The Lions don't have that luxury. They need talented football players, first and foremost. First you get them here, then you figure out how to deal with them.
I thought that the history Haynesworth has with Lions head coach Jim Schwartz from the pair's days in Tennessee would provide the final push over the hump, and that the Lions would actively pursue a trade for big Albert.
But I was wrong. The Lions not only blinked, they lost their nerve. They kept their chips and folded.
The Lions have won 33 games in the past nine years. If it wasn't so painstakingly sad, it would be frighfully funny.
Thirty-three wins in nine years, and they're going to pass on acquiring a player who could make their front four one of the best in pro football?
They're cowards.
This is pro sports, not college. Losing isn't tolerated in pro sports. This is America, where losing is despicable. And in no other sport is losing as horrible as it is in professional football.
All the planning, all the film sessions. All the strategy, all the practicing. For six days this goes on every week. Coaches work 20-hour days. Players work themselves into a rabid froth from Monday thru Saturday. On Sunday (or Monday) there is an accounting.
You play 60 minutes and when it's over and you're on the wrong end of the score, it's damn near disgusting.
Nothing is better than winning a pro football game, and nothing is worse than losing one.
The Lions are bottom feeders, and that means needing the intestinal fortitude to take risks in order to return to respectability.
By taking themselves out of the bidding for Haynesworth, they're handing out indictments all over the team.

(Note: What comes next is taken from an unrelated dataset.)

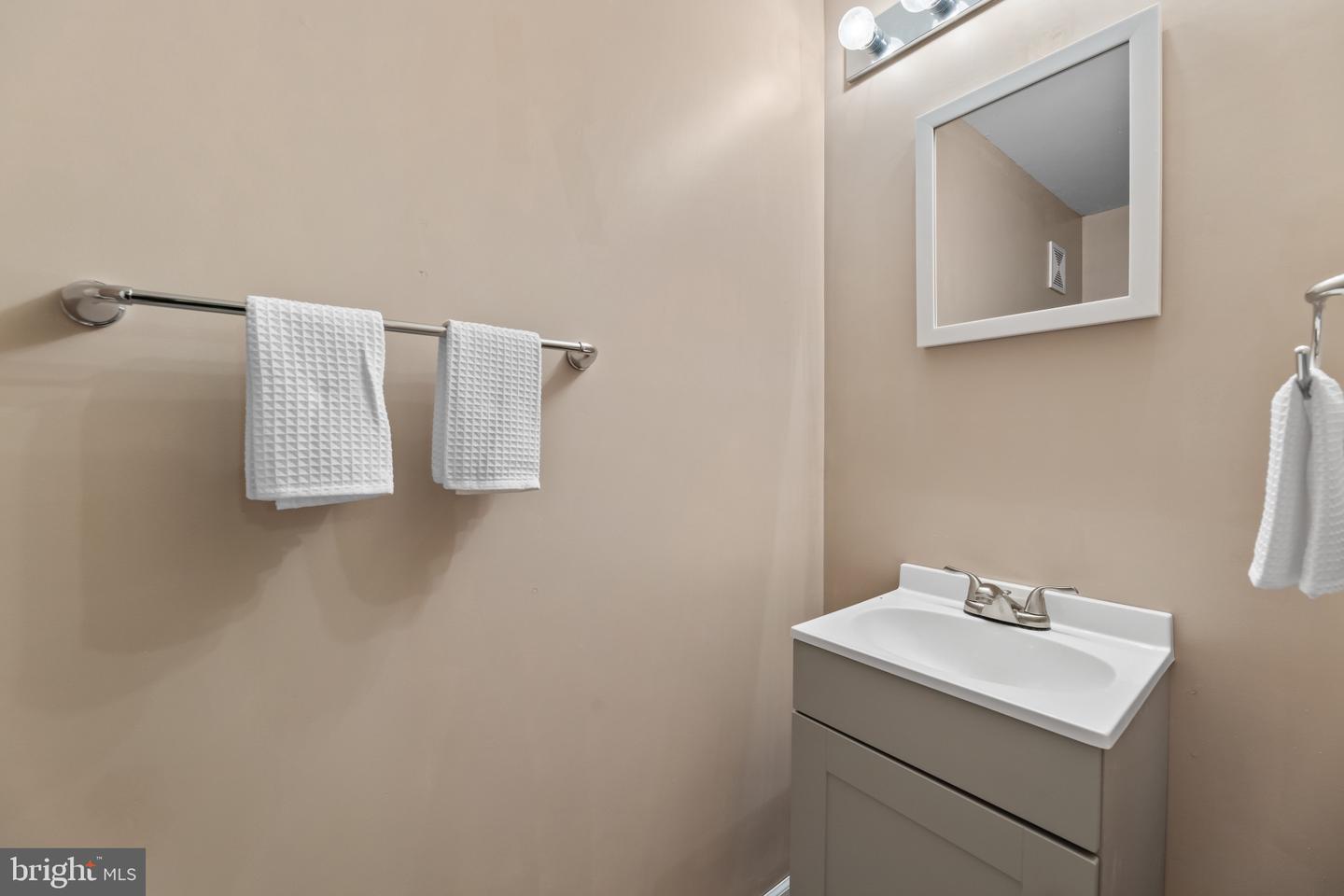 15086 JARRELL PL, WOODBRIDGE, Virginia 22193, 3 Bedrooms Bedrooms, ,2 BathroomsBathrooms,Residential,For sale,15086 JARRELL PL,VAPW2100466 MLS # VAPW2100466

They're saying that Sc hwartz can't handle a sometimes-headache player---one that he's coached before, no less. They're saying that Suh, so praised for his maturity and for being a quote-unquote good kid, is easily manipulated. And they're saying that the teammate support structure is broken.

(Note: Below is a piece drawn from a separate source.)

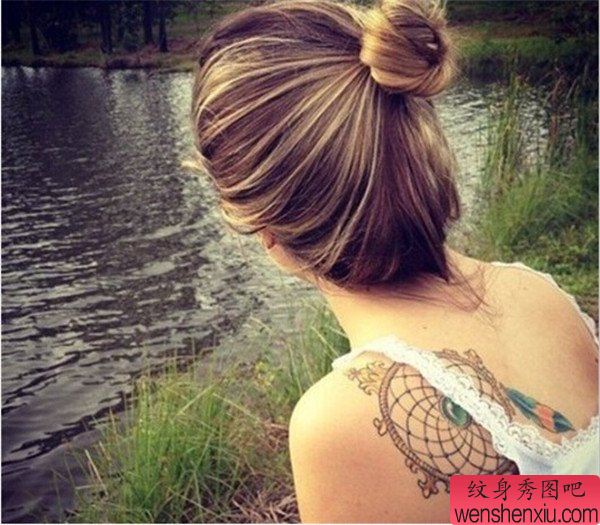 欧美女生背部彩色另类抽象纹身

They're afraid of bringing in Albert Haynesworth.
Guess what? They don't have that option.
You can't win 33 games in nine years and play scared when it comes to improving your roster.
The Oakland Raiders---the old version, not this New Coke recipe that plays at being Raiders today---made a mint and won some Super Bowls by signing and trading for some of the league's most notorious miscreants.

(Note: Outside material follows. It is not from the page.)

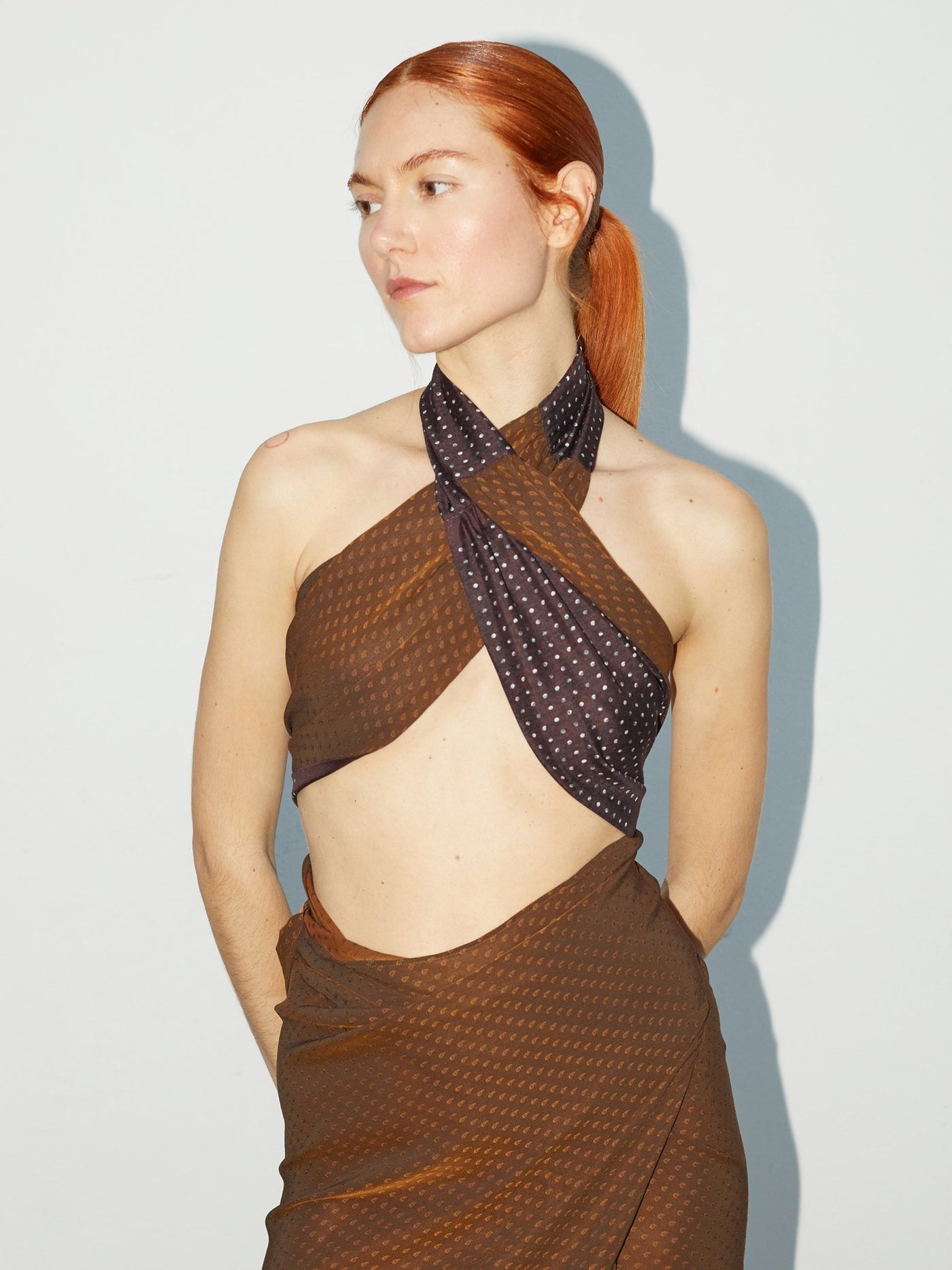 Nœud Centre Top | Hybrid Silk - Wool Halter Top - VANHERÈEN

If you needed a career resuscitated, if you were a player who was being figuratively blackballed, you told your agent to give the Raiders a call.
The Raiders of the 1970s and most of the 1980s were a bunch of vagabonds. They were a snarling team made up largely of men who played with chips on their shoulders and with hate and vengeance on their minds and encircling their hearts.
They were like the team of prisoners in "The Longest Yard" and all their opponents were the prison guards.
The Raiders could only have been owned by Al Davis---before he started losing it upstairs. Davis prowled the field before the game with his sunglasses and slicked back hair and bling and he wore black and you were tempted to ask him where they buried Jimmy Hoffa.
His players were of that image---irreverant, sneering, distasteful.
Just win, baby.
That's what the Raiders did, with their miscreants and cast-offs and has-beens.
Jim Plunkett won not one, but two Super Bowls with the Raiders, and he did it on bad legs and with a passing arm that needed two throws to make it 50 yards. Plunkett was a two-time NFL loser, with the Patriots and the 49ers, when the Raiders got their dirty mitts on him. Then look what happened.
The Lions could have had Haynesworth at a relatively decent price, since the Redskins would be picking up most of the tab. They could have added a guy who, combined with Suh, might have made Detroit go crazy.
Haynesworth and Suh, together, could own Detroit.
What do they think, he's going to come here and act like a goofball on principle?
Elite teams can afford to think like that.
Bottom feeders like the Lions need good football players, not good people.
Sometimes the two are mutually exclusive, unfortunately. I will grant you that.
I want a team that wants to win---not one that's afraid to lose.
The Lions passed on Albert Haynesworth.
They lost their nerve. Shame on them.